DATA PROVIDED.
────────────────────

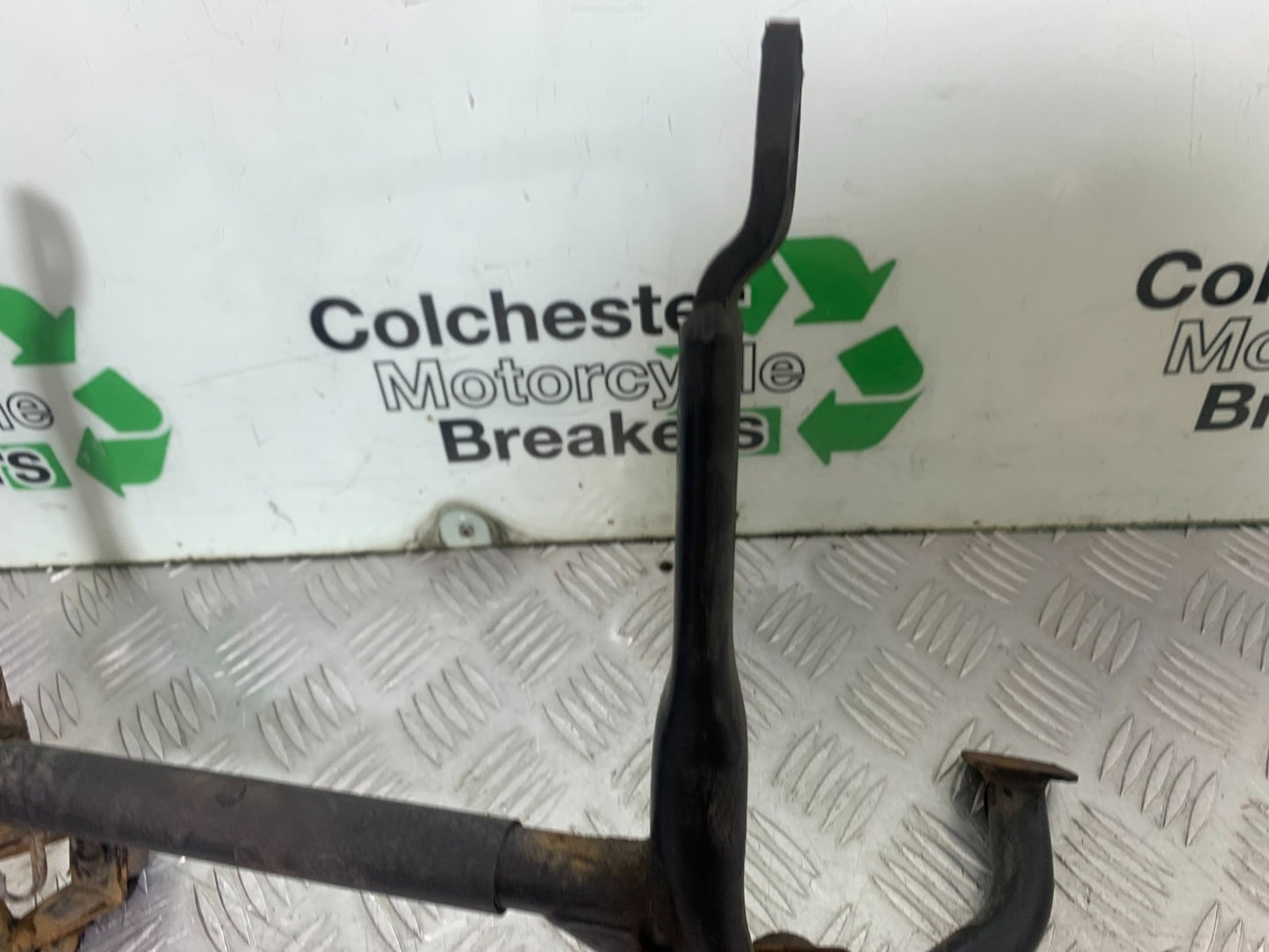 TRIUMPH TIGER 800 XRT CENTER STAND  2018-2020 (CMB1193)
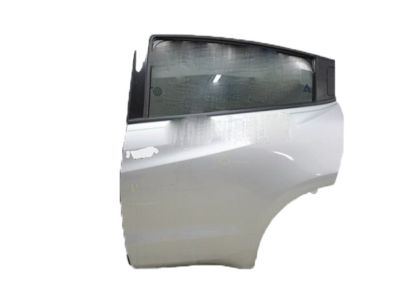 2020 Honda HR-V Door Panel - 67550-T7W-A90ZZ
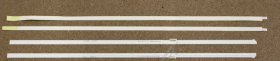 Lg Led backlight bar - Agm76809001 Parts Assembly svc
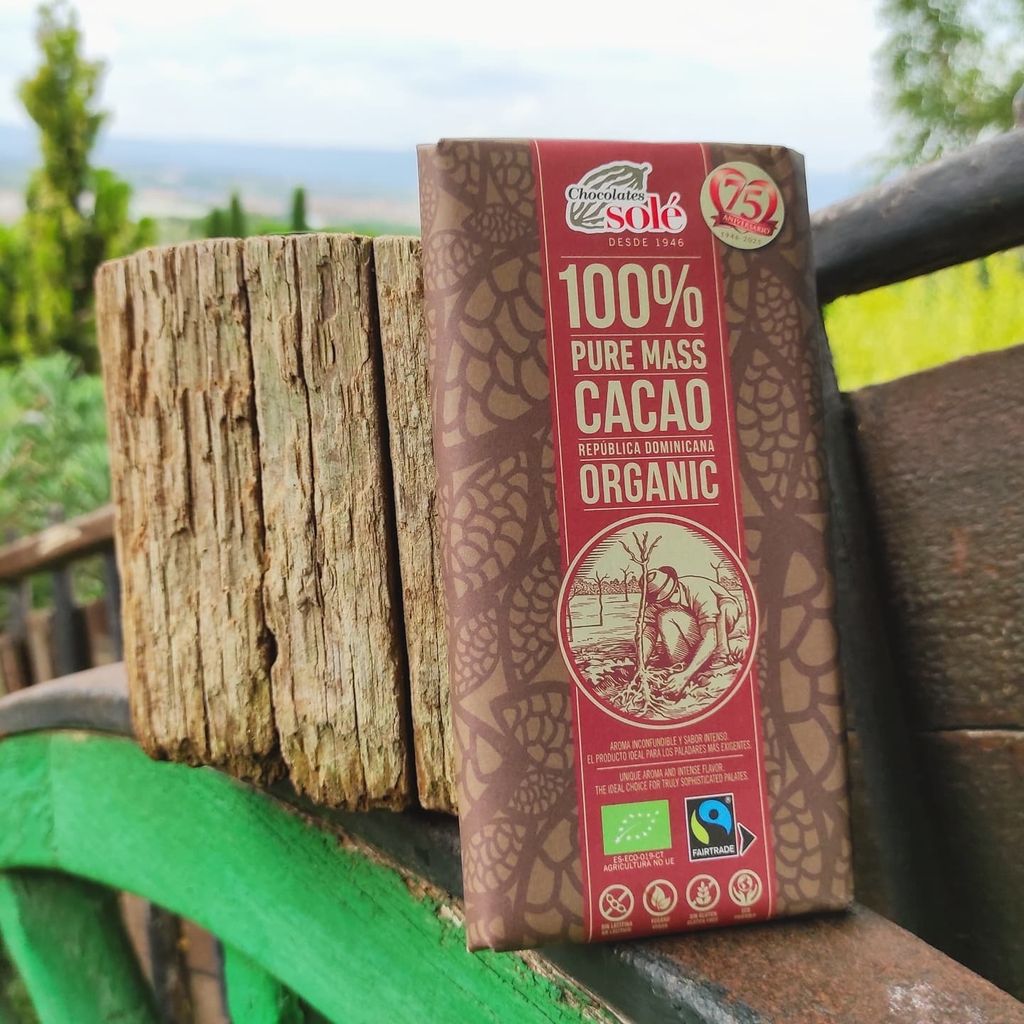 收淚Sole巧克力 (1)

────────────────────

WORK INSTRUCTION. Print every line of the material above exactly as it reads, skipping the pictures.

SOLUTION BELOW.
 TRIUMPH TIGER 800 XRT CENTER STAND  2018-2020 (CMB1193)
 2020 Honda HR-V Door Panel - 67550-T7W-A90ZZ
 Lg Led backlight bar - Agm76809001 Parts Assembly svc
 收淚Sole巧克力 (1)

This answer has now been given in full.